Canadians are used to thinking of prorogation of Parliament as something rather secretive, done behind closed doors. Because of this, it might be of interest to some to actually watch a prorogation ceremony as it recently unfolded in the UK House of Lords.

Prorogation is the formal ending of a session of Parliament, either by a special ceremony held in the upper chamber or by the Queen’s or a Governor General’s proclamation to that effect. Prorogation also refers to the period of time a Parliament stands prorogued. Prorogation is a routine procedure. Some legislatures prorogue every year, others more infrequently. The UK Parliament prorogues in May because in 2010, following the general election held in May of that year, the Leader of the House announced the Government’s intention to move towards five 12-month sessions over a Parliament, beginning and ending in the spring.

For this particular prorogation ceremony, the Queen was not present, therefore it was done by the Lord Commissioners. The video includes commentary by the BBC, explaining what is going on.

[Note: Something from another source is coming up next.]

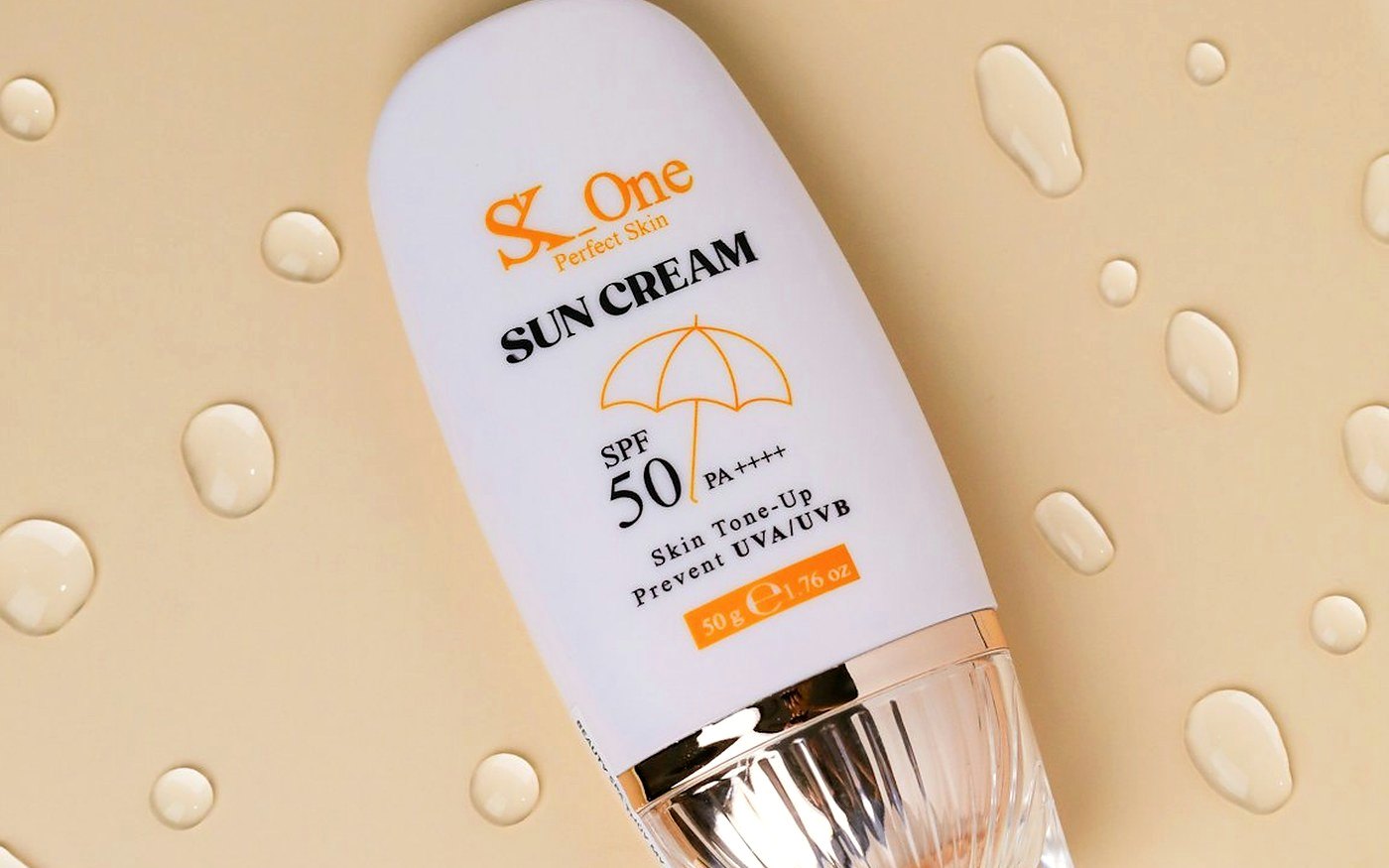 Chemical sunscreen filters in the UK and US: buyer differences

Any bill that is not passed before prorogation is dropped, apart from Public Bills that have had a carry-over motion passed; in this instance debate can continue into the next session.

The Gentleman Usher of the Black Rod summons MPs to attend the House of Lords to witness outstanding acts being given royal assent. By ancient tradition the legislation is given royal assent in Norman French using the words “La Reyne le veult”, which roughly translates as “the Queen wills it”.

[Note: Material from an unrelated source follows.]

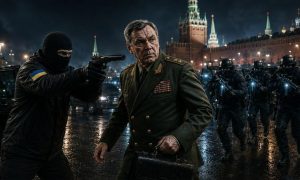 «Генералов скоро не хватит»: на российских военных открыта охота — что противопоставить Киеву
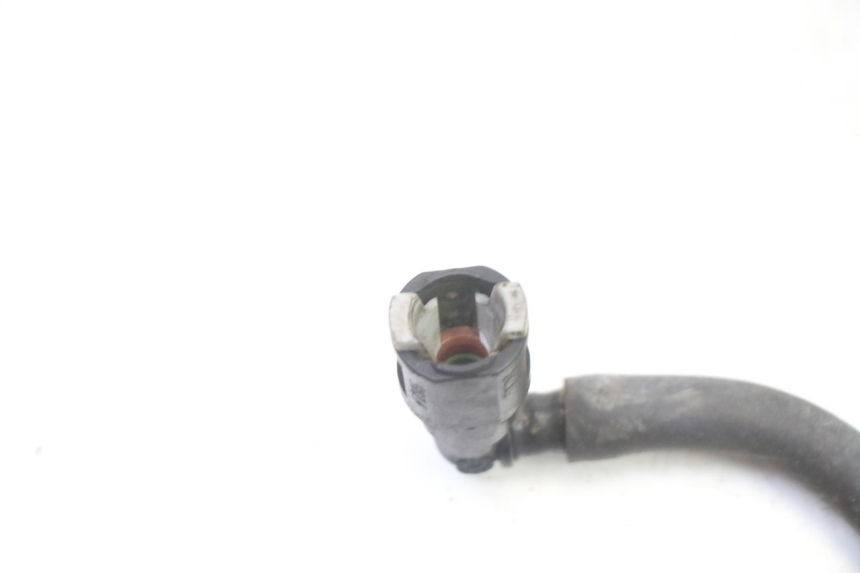 photo de DURITE INJECTEUR SUZUKI GSR 750 (2011 - 2017)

At the end of the ceremony, it is customary for MPs to shake the hand of the Commons Speaker as they file out of the chamber.

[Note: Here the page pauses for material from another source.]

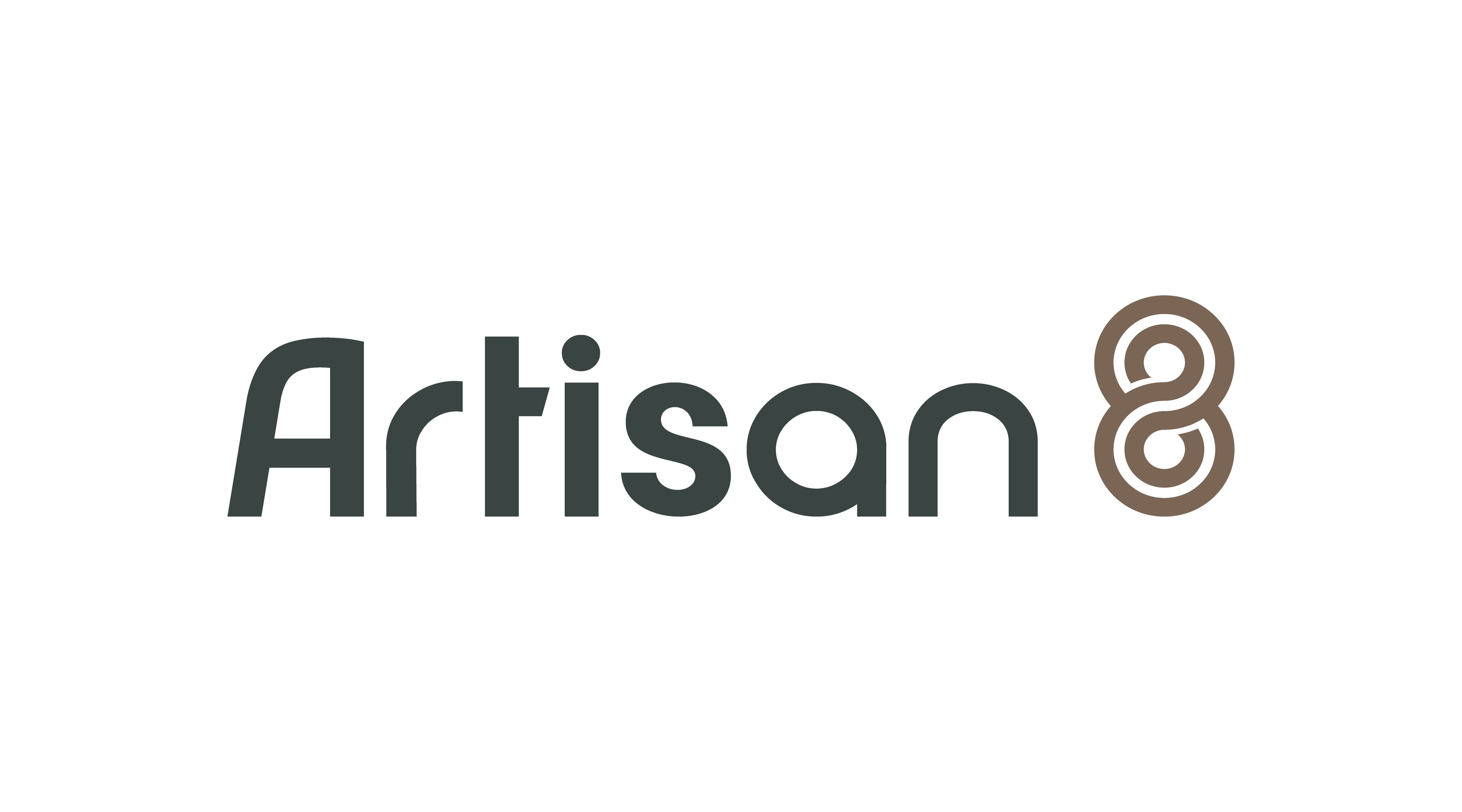 Artisan 8 Gallery Image 6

In Canada, traditionally, a similar ceremony was observed, with the House of Commons summoned to the Senate to hear the Governor General (or the Deputy of the Governor General) deliver a speech reviewing the accomplishments of the session, and to hear the Speaker of the Senate read a message containing the date for the opening of the new session. Prorogation has not taken place in this manner since 1983. Current procedure in Canada is for prorogation by proclamation published in the Canada Gazette.